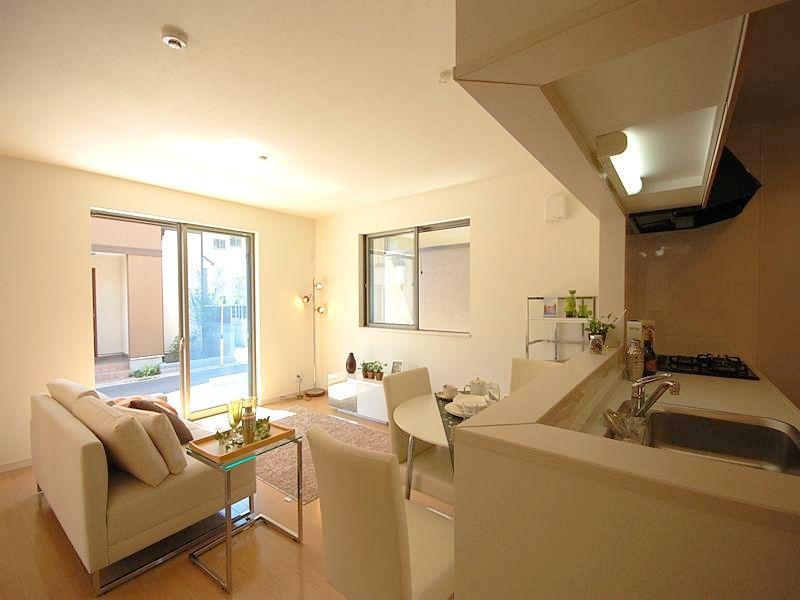 Building plan example (exterior photos). Appearance construction cases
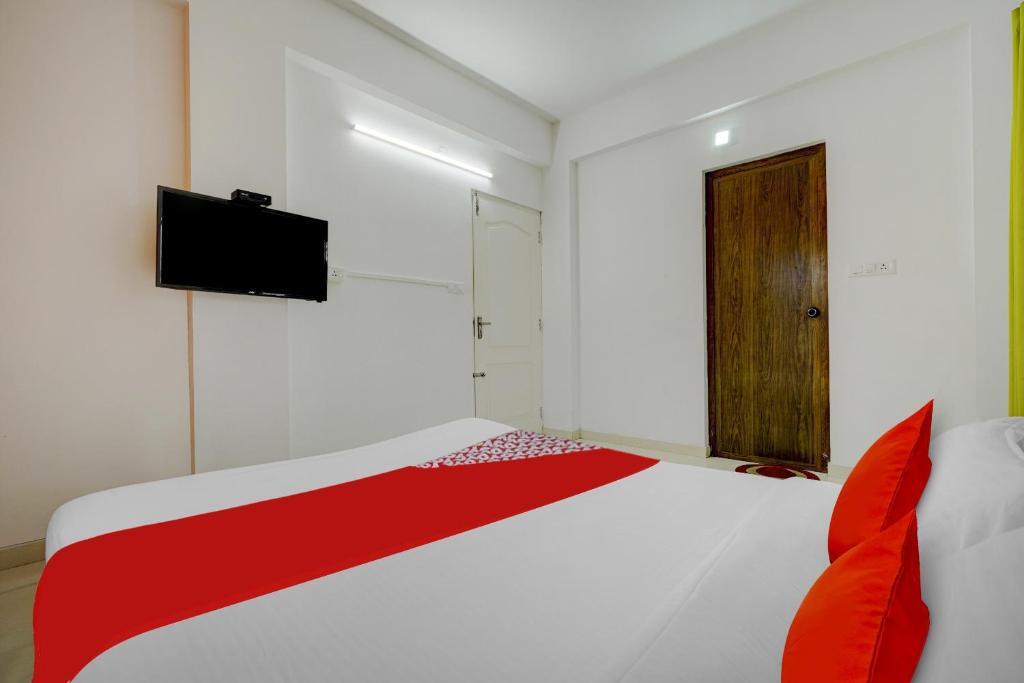 Вайпин: Oyo Flagship 805308 The Paradise Inn Residency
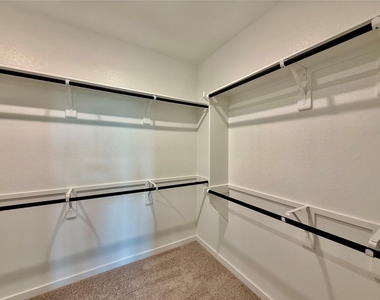 7415 Bristlegrass Colony Court - Photo Thumbnail 15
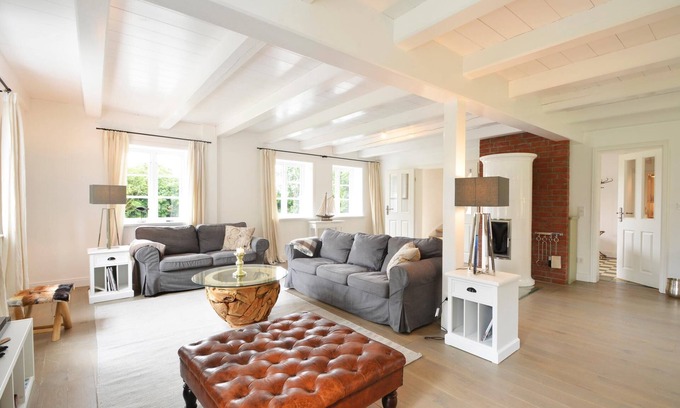 Midlum House | "Experience luxury and relaxation in Reethus Dörpsend House 2!"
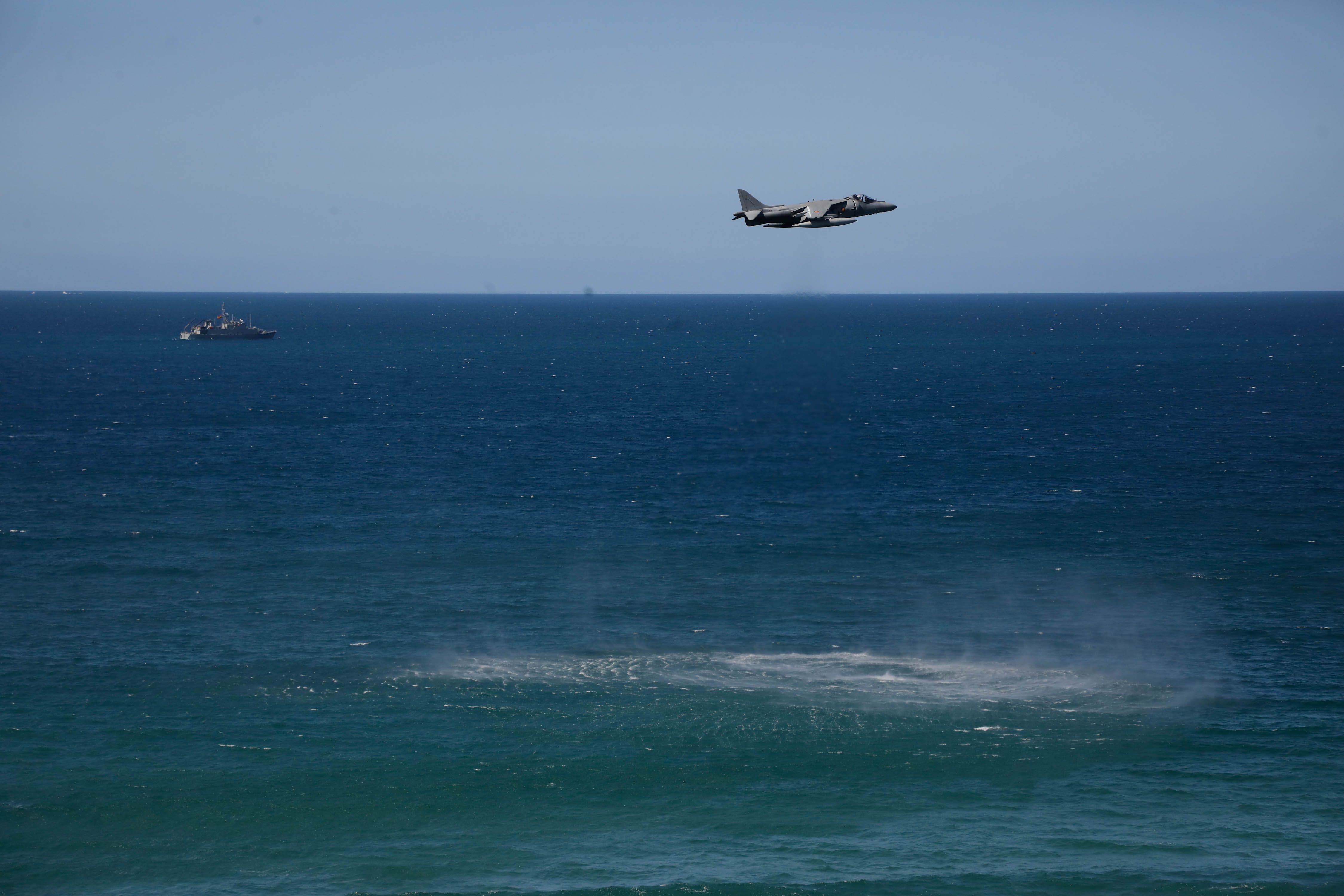 Acrobacias aéreas y desembarco militar: las impresionantes fotos de las Fuerzas Armadas en Gijón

**********

Each line of the data above is to be output exactly; the pictures are not to appear.

 Building plan example (exterior photos). Appearance construction cases
 Вайпин: Oyo Flagship 805308 The Paradise Inn Residency
 7415 Bristlegrass Colony Court - Photo Thumbnail 15
 Midlum House | "Experience luxury and relaxation in Reethus Dörpsend House 2!"
 Acrobacias aéreas y desembarco militar: las impresionantes fotos de las Fuerzas Armadas en Gijón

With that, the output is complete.